关于这个问题，我已经在 * 上检查了以下现有问题： too many legend with array column data in matplotlib

尽管如此，它并没有帮助。我想我遇到了一个完全不同的问题。请告诉我如何解决这个问题。

这是我的代码：

import matplotlib.cm as cm
colors = cm.rainbow(np.linspace(0, 1, N_Clus))
cluster_labels_2 = list(range(1, N_Clus+1))
print("cluster_labels: ", cluster_labels_2)
# Create a figure
plt.figure(figsize=(15,8))
s=0
for color, label in zip(colors, np.asarray(cluster_labels_2).flatten()):
    subset = WorkingDF2[WorkingDF2.Cluster == label]    
    for i in subset.index:
        x=np.asarray(subset["Standardized COVID-19 Index"][i]).flatten()
        y=np.asarray(subset["Standardized CSS Index"][i]).flatten() 
        plt.text(x, y, str(subset['Neighbourhood'][i]), rotation=25) 
        s += 1
        plt.scatter(x, y, c=np.array([color]), label='cluster'+str(label),alpha=0.5)
plt.legend(loc='lower right', fontsize=15)
plt.xlabel('Standardized COVID-19 Index', fontsize=18)
plt.ylabel('Standardized CSS Index', fontsize=18)
plt.title("[Hierarchical Clustering: {} Cluster] \n 
 Mapping of Non-Outlier Neighbourhoods \n 
 onto Standardized CSS-COVID19 Indices Space \n
 ".format(N_Clus), fontsize=18)
print('# of Neighbours: ', s)

【问题讨论】：

这是不可复制的。为Minimal, Reproducible Example (e.g. code, data, errors, current output, expected output), as text 包含足够的数据和导入。 NameError: name 'N_Clus' is not defined.
在标记Neighbourhood 的循环之外执行plot 命令。
嗨特伦顿麦金尼，感谢您的来信。我现在将删除它并考虑如何创建可重现的代码，因为原始代码太长了。对不起，我是新来的，还在学习规则。谢谢
查看How to provide a reproducible copy of your DataFrame using df.head(30).to_clipboard()，然后edit您的问题，并将剪贴板粘贴到代码块中。 一个正确的问题必须提供所有必要的信息，以便给出正确的答案。
@Jody Klymak 谢谢。我会努力的！

标签： python matplotlib legend

【解决方案1】：

问题出在一行

plt.scatter(x, y, c=np.array([color]), label='cluster'+str(label),alpha=0.5)

在这里，您给彩色点一个标签'cluster' + str(label)，即使这样的标签已经存在，所以plt.legend() 将创建许多相同的图例元素。如果它不是新的，我会跟踪以前的标签并将当前情节的一个设置为None，以便plt.legend() 忽略它。

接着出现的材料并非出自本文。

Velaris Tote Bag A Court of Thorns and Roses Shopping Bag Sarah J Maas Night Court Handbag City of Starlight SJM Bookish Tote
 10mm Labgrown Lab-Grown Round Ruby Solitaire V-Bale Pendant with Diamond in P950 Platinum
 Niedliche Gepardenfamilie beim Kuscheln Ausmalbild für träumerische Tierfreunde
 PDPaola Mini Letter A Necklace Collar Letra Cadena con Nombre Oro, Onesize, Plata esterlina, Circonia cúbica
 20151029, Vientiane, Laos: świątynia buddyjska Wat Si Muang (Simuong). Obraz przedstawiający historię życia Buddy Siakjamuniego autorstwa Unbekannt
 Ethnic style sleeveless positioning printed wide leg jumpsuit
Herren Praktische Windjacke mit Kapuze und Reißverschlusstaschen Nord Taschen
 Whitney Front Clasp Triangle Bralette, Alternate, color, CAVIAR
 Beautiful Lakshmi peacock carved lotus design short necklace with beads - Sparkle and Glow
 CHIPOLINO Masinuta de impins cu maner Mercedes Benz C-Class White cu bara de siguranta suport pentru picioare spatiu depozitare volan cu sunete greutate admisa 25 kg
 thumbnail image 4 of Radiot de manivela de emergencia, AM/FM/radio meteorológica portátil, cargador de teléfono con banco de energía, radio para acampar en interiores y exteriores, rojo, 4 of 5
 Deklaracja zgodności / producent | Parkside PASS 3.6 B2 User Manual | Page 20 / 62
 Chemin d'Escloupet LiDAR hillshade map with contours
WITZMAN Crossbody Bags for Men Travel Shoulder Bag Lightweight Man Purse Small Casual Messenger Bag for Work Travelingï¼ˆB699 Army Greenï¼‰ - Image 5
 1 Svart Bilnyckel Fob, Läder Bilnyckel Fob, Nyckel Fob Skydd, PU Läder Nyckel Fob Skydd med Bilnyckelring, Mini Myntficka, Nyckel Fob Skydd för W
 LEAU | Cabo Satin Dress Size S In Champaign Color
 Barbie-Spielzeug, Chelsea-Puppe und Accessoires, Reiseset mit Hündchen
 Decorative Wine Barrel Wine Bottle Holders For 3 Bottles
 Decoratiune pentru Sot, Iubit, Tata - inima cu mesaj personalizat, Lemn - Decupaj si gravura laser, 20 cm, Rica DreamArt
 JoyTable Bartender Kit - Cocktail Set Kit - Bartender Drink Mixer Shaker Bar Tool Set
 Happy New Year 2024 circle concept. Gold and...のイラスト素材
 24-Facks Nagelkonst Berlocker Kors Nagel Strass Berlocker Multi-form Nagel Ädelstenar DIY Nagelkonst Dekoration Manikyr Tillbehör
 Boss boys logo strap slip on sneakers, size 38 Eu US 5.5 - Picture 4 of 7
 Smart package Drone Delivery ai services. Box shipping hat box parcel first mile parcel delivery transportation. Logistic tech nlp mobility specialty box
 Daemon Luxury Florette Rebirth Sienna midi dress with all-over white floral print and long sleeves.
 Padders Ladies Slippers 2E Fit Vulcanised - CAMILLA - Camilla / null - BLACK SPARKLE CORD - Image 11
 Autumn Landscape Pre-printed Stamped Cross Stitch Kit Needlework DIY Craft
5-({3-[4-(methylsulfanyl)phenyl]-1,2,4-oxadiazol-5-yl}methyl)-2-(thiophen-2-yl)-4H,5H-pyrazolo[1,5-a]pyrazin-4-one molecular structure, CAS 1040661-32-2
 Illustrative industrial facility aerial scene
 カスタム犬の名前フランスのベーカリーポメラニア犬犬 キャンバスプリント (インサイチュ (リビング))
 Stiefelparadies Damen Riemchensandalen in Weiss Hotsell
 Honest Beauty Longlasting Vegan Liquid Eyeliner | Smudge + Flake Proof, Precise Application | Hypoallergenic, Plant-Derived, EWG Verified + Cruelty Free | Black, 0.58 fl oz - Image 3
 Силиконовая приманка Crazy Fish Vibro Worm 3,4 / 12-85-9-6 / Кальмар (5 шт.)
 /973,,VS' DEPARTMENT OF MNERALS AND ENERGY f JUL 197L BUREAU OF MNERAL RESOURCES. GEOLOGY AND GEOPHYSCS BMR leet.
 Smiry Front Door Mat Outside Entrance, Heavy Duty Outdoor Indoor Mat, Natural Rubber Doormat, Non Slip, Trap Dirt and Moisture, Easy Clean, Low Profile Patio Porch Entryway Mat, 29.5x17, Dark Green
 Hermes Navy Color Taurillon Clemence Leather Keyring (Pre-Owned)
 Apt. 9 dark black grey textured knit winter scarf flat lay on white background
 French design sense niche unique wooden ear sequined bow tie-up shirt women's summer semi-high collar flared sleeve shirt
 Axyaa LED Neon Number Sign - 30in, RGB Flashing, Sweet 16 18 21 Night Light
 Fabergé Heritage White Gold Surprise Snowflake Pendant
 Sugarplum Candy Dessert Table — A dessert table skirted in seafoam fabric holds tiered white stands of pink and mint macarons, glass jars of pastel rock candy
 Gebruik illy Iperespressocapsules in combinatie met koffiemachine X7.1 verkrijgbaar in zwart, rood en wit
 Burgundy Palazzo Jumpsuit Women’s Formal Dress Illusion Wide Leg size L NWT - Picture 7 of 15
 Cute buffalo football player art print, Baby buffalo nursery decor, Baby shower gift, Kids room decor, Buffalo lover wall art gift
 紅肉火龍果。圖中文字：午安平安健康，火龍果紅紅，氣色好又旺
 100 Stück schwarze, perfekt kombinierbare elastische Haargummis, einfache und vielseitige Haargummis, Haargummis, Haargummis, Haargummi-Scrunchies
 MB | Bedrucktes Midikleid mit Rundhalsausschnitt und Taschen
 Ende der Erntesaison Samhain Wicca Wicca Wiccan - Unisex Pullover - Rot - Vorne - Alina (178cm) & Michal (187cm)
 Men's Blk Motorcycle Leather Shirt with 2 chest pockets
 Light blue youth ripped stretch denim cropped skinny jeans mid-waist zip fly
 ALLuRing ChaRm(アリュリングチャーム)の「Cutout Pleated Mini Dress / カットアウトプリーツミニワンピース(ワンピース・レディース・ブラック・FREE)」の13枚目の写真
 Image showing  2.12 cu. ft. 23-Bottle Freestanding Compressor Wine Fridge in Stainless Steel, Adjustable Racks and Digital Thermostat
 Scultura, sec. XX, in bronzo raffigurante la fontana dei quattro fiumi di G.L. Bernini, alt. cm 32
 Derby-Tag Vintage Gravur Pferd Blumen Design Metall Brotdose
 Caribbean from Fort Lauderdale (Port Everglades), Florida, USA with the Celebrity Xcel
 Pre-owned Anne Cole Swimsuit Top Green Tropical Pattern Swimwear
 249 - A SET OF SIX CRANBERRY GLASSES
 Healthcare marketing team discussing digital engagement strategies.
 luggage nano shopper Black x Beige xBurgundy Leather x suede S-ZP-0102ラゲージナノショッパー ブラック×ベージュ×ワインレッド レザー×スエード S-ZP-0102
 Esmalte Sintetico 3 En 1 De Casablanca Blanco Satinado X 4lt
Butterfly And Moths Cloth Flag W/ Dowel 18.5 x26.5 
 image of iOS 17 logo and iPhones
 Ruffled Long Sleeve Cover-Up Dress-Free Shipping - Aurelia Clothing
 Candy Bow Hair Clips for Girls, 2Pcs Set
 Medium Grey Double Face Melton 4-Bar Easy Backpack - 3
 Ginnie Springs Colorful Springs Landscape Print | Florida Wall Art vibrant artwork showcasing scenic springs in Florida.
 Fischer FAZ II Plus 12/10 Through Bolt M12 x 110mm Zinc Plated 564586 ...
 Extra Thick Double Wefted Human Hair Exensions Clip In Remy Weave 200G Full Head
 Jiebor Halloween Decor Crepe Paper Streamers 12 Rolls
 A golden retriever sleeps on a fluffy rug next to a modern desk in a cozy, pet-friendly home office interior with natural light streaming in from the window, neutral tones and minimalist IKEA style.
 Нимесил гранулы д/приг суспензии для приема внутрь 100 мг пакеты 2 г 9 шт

请注意，您的命名选择可能会有些混乱，因为 matplotlib 使用“标签”作为出现在图例中的曲线的名称，而您将其用作簇编号。我们可以叫它cluster_number吗？

这里是实现：

import matplotlib.cm as cm

colors = cm.rainbow(np.linspace(0, 1, N_Clus))
cluster_labels_2 = list(range(1, N_Clus+1))
print("cluster_labels: ", cluster_labels_2)

# Create a figure.
plt.figure(figsize=(15, 8))
s=0
clusters_already_in_the_legend = []
for color, cluster_number in zip(colors, np.asarray(cluster_labels_2).flatten()):
    subset = WorkingDF2[WorkingDF2.Cluster == cluster_number]    
    for i in subset.index:
        x = np.asarray(subset["Standardized COVID-19 Index"][i]).flatten()
        y = np.asarray(subset["Standardized CSS Index"][i]).flatten() 
        plt.text(x, y, str(subset['Neighbourhood'][i]), rotation=25) 
        s += 1

        # Keeping track of the labels so that we don't legend them multiple times.
        if cluster_number not in clusters_already_in_the_legend:
            clusters_already_in_the_legend.append(cluster_number)
            label = f"Cluster {cluster_number}"
        else:
            label = None
        plt.scatter(x, y, c=np.array([color]), label=label, alpha=0.5)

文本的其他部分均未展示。